DOH!
Been down for a few days, LITERALLY when 2 of our guys had finished a 800 mile journey on their bikes and were hoping to start collecting!
Update: This story originally referred to JustGiving as a not-for-profit. It is not. Online charity outfit JustGiving has been hit by a series of major glitches since it launched a new website last Saturday morning. The organisation admitted deployment had been less than smooth and the site continues to have a number of “ …
The latest update on how the site is performing is up at http://blog.justgiving.com/2009/06/23/new-on-justgiving/update-on-the-new-justgiving-tuesday-23rd-june/
I should add again that we are very sorry that the new launch didn't go as smoothly as we had planned. We are fixing bugs as quickly as we can and we're trying to keep everyone up to date with our progress.
Interesting that they released the figure of GBP600,000 takings per day.

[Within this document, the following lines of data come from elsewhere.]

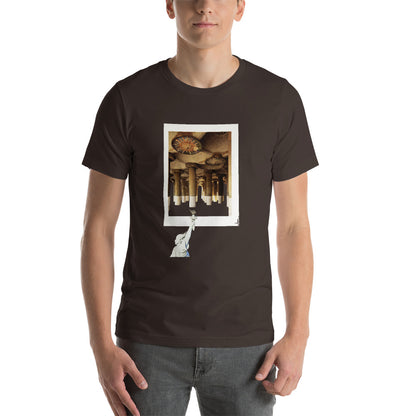 Light My Fire : Short-Sleeve Unisex T-Shirt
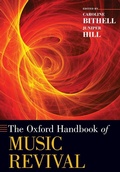Cover: The Oxford Handbook of Music Revival - Oxford University Press Inc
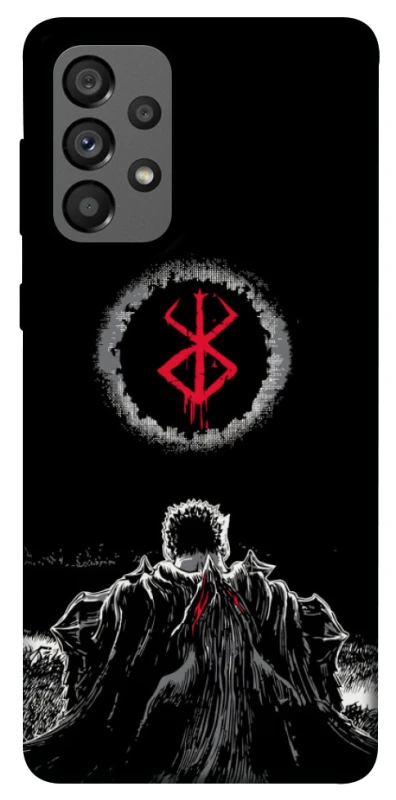 Чохол на Samsung Galaxy A73 5G Berserk moon фото 1 з 1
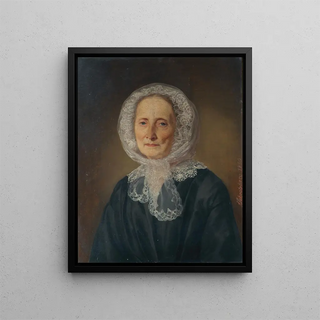 Franz Schrotzberg - Die Mutter des Knstlers.webp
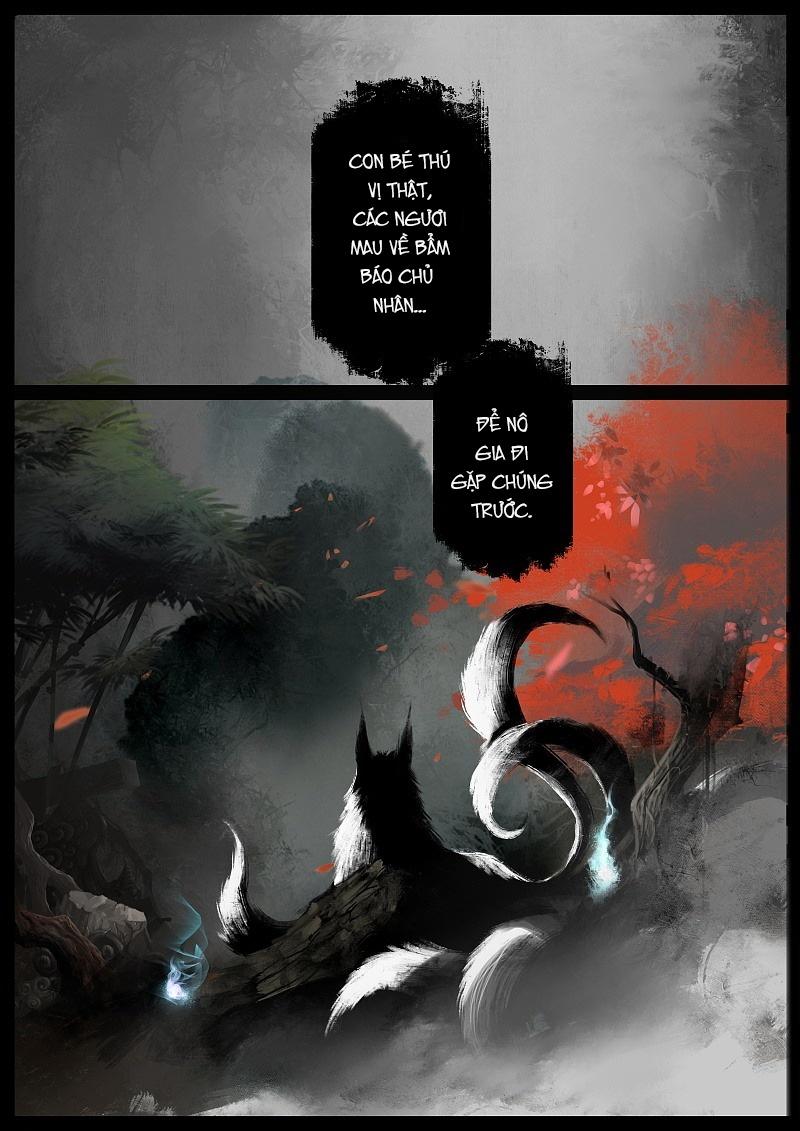 Tây Du Ký Ngoại Truyện chapter 48 - Upload bởi truyensieuhay.com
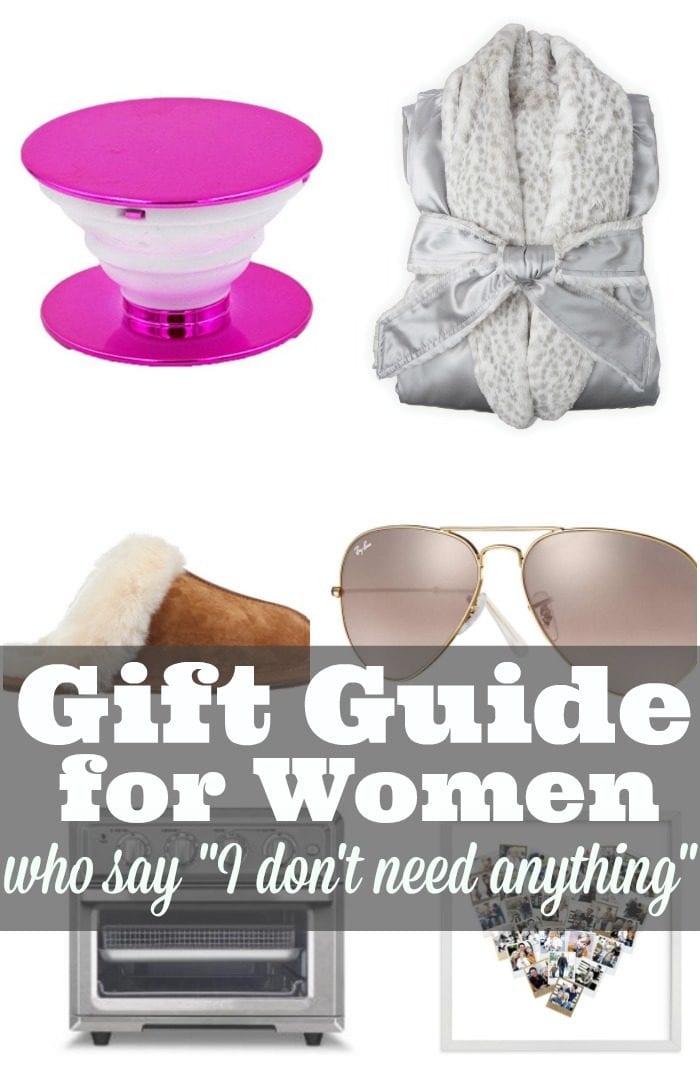 gift guide for women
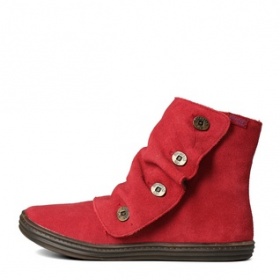 Podzimní kotníkové boty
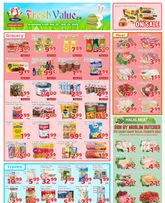 Fresh Value Market - Etobicoke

Based on the fact they take a 5% admin fee (that's not conjecture, it's stated in their Ts&Cs) that's just shy of 11 million quid per annum in admin fees. Take off the credit card company's 2.5% processing fee (though I bet they have negotiated a better rate) that gives them 5.5 million quid per annum. From hereon in you can only guess how that divvies up between staff costs, other fixed costs like rent, and IT running costs, but surely must be a fair amount of "not profit" left over.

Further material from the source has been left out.